In his "Divine Providence'' collages, Jackson incorporates poetry, portraiture, musical notation, and other repeating symbols, arranging the fragments into colorful compositions. The figurative collages offer a counterpoint to his stark text drawings, wherein sheets of paper form a grid, each block labelled by the name of a color, an arrangement that evokes musical scores and concrete poetry.

The exhibition also includes new work of Jackson’s: his two-part digital print Untitled (2021)—an appropriation of da Vinci’s Vitruvian Man—renders the charcoal figure against a green and blue background indicative of a landscape. A significant portion of Jackson’s oeuvre is devoted to these two colors: the abstract green and blue paintings he started in the 1980s experiment with variations of geometric arrangements.
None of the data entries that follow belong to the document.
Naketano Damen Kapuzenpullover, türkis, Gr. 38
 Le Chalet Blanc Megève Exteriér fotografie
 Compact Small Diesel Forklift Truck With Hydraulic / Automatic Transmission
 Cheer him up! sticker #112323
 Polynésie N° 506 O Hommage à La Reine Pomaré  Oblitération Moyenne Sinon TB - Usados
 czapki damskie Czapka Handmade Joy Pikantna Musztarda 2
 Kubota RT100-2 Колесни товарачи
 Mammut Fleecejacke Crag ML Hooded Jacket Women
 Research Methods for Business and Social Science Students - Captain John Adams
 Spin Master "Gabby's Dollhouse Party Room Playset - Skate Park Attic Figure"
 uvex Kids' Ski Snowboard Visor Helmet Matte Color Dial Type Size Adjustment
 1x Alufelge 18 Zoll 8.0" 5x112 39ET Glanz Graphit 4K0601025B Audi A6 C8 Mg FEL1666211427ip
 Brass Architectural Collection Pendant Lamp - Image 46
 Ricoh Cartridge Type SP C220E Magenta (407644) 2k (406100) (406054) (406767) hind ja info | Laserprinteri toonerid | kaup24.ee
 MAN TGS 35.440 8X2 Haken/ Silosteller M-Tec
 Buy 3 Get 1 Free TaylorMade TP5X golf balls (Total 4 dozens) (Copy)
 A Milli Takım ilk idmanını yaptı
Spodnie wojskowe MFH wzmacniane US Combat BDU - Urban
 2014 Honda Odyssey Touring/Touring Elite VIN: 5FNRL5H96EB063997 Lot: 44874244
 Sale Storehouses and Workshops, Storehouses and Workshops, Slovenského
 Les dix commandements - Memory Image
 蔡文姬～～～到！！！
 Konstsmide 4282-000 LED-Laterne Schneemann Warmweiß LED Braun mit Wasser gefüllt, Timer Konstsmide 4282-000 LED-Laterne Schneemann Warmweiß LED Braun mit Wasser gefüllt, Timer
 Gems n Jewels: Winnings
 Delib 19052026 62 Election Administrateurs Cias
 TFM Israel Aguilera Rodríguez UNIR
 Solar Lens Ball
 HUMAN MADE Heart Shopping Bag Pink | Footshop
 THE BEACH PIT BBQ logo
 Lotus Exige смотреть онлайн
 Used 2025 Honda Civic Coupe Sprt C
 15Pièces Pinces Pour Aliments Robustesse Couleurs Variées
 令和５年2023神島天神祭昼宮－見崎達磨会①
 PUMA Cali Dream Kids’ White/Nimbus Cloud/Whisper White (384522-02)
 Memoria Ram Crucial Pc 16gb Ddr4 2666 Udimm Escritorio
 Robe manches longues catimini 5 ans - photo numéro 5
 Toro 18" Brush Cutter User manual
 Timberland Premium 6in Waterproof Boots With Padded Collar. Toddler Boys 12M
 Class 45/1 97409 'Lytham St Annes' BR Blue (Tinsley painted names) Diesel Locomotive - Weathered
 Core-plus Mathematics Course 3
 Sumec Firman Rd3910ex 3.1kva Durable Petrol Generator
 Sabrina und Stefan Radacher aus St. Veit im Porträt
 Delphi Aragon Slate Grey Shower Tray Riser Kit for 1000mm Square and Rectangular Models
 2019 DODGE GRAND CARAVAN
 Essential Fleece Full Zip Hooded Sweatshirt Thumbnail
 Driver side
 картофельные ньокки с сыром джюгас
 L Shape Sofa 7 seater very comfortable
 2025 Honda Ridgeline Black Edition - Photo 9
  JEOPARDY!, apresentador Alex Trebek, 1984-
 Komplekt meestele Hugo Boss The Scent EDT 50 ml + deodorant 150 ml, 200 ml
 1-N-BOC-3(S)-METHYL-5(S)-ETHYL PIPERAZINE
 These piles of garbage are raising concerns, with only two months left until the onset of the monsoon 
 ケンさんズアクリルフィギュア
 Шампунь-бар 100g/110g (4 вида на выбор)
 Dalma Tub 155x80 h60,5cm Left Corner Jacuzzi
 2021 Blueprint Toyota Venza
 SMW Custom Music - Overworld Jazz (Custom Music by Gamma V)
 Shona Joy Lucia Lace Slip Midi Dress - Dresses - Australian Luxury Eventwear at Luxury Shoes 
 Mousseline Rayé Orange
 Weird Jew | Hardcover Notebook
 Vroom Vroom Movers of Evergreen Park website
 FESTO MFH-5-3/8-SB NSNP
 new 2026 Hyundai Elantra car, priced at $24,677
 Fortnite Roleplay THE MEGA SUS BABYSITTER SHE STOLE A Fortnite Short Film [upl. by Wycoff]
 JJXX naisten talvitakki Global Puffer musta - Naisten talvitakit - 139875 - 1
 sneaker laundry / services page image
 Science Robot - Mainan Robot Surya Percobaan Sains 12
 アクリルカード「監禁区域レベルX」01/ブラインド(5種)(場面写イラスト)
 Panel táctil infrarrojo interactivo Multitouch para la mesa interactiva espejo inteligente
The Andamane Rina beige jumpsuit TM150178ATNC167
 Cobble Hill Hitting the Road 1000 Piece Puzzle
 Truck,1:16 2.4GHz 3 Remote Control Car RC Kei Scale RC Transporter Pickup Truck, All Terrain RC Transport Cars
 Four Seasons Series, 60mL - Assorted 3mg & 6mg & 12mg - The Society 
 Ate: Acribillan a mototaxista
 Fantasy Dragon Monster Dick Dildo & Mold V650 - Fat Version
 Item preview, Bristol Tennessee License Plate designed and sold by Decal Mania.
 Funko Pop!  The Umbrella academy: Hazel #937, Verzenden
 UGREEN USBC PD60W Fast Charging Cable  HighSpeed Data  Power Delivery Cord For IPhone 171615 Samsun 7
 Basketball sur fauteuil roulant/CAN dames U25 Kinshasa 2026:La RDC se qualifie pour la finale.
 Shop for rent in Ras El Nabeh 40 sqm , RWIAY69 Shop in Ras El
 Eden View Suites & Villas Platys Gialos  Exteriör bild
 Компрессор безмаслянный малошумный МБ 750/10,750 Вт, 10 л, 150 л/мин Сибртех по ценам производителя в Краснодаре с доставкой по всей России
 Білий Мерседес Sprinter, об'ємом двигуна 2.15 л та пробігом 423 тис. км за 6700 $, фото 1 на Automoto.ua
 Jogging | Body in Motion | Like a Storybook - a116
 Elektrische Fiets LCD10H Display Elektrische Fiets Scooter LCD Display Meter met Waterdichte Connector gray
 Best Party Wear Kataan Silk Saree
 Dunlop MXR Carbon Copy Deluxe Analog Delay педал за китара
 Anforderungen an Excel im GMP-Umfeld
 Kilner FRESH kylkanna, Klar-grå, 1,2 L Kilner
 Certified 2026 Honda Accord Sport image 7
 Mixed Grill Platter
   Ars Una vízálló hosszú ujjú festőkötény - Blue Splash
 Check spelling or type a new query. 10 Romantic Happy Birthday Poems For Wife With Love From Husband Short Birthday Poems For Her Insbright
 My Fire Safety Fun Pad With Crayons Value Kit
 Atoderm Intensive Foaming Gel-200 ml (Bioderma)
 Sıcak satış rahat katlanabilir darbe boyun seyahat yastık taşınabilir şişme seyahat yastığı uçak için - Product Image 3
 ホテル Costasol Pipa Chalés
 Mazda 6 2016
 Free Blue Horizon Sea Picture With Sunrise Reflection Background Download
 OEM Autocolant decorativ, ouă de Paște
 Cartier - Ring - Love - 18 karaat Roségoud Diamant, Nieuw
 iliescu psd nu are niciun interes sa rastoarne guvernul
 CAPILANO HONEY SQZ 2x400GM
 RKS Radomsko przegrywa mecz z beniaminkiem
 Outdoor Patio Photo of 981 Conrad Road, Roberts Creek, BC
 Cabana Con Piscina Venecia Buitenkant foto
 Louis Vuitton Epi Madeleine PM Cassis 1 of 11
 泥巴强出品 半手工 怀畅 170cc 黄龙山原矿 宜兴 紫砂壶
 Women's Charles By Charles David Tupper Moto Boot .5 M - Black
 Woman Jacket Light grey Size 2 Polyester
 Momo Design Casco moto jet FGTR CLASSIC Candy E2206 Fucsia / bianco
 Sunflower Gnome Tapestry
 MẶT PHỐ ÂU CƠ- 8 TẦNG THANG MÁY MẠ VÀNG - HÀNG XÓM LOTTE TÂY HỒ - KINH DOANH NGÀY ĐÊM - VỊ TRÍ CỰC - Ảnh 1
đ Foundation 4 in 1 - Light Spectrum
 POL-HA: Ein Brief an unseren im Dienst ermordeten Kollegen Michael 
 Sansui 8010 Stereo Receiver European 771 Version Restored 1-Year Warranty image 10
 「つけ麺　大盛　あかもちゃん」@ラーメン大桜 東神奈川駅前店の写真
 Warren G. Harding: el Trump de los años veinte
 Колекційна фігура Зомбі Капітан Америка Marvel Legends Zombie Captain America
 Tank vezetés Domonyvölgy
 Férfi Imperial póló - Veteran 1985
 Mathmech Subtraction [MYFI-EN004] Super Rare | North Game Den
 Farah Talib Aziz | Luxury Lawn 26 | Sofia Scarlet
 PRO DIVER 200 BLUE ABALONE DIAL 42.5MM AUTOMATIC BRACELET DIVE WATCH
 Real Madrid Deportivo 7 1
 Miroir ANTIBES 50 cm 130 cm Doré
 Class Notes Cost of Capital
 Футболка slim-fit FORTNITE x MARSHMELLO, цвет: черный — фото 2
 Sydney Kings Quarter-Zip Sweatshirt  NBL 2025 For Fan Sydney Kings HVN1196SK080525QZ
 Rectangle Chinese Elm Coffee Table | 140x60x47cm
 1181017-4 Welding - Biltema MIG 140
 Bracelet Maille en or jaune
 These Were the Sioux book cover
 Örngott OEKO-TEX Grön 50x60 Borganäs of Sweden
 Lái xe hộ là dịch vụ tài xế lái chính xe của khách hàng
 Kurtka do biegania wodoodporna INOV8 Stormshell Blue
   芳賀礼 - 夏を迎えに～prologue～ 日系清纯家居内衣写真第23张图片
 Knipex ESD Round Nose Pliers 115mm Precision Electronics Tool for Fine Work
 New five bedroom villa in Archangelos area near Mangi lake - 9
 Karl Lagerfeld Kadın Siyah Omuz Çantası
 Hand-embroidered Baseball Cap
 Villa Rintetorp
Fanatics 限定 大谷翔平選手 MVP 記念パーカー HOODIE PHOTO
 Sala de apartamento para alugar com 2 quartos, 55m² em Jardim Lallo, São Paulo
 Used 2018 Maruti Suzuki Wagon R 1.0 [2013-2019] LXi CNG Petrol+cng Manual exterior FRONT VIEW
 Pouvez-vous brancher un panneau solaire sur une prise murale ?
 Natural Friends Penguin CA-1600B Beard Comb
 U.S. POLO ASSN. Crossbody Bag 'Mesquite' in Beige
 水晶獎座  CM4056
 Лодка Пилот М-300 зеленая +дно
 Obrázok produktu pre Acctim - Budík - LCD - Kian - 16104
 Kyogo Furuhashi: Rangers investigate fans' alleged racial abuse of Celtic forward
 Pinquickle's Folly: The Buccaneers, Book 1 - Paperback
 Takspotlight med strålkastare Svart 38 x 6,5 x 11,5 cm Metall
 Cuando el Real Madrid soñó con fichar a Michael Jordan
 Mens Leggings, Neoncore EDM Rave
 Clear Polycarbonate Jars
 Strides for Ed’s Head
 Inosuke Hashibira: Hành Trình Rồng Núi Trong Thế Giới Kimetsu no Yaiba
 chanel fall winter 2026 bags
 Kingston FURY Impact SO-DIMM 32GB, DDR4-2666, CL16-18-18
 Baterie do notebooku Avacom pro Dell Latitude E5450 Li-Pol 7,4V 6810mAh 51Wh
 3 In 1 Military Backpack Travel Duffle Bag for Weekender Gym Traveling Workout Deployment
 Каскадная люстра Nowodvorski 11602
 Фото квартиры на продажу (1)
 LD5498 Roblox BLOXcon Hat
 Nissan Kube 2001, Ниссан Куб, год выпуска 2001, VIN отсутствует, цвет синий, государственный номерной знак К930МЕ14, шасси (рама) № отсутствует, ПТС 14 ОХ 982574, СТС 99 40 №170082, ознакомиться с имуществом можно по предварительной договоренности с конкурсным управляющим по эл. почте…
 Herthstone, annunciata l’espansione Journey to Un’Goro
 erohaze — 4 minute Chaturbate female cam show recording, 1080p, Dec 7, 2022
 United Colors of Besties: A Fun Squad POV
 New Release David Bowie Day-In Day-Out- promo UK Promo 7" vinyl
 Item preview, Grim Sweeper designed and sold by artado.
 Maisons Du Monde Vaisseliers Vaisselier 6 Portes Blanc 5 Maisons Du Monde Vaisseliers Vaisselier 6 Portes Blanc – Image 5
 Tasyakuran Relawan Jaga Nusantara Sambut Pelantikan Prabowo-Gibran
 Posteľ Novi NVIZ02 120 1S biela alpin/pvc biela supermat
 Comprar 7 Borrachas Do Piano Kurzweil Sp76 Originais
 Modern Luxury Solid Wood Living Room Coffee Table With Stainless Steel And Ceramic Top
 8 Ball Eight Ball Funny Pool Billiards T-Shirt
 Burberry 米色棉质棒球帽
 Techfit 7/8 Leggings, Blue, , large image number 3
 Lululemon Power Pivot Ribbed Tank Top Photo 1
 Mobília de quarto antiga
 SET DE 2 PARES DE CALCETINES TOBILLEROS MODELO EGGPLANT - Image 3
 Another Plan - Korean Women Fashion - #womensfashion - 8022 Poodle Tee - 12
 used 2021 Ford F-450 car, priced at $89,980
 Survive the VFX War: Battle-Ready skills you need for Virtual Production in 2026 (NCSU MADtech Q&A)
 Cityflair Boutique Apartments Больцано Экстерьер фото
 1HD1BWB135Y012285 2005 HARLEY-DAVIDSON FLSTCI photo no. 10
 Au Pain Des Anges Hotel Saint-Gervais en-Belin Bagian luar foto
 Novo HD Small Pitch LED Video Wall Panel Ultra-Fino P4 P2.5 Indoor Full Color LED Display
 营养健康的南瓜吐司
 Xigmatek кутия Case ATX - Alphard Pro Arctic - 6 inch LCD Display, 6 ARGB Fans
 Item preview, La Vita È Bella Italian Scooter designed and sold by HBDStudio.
For Jackson, these works not only served as investigations into color theory and abstraction, demonstrating his understanding of perception and rhythm, but also contained associations of healing. In the 2021 works in this exhibition, Jackson labels each color field, reminiscent of the way in which he scrawls “BLACK” and “WHITE” across the otherwise blank sheets of paper of his text drawings. It’s a long-running thread through Jackson’s body of work—a practice of conceptual and physical naming, layering, and stitching together.

Gerald Jackson, Untitled, n.d. Two garments: Fabric appliqué on found clothing.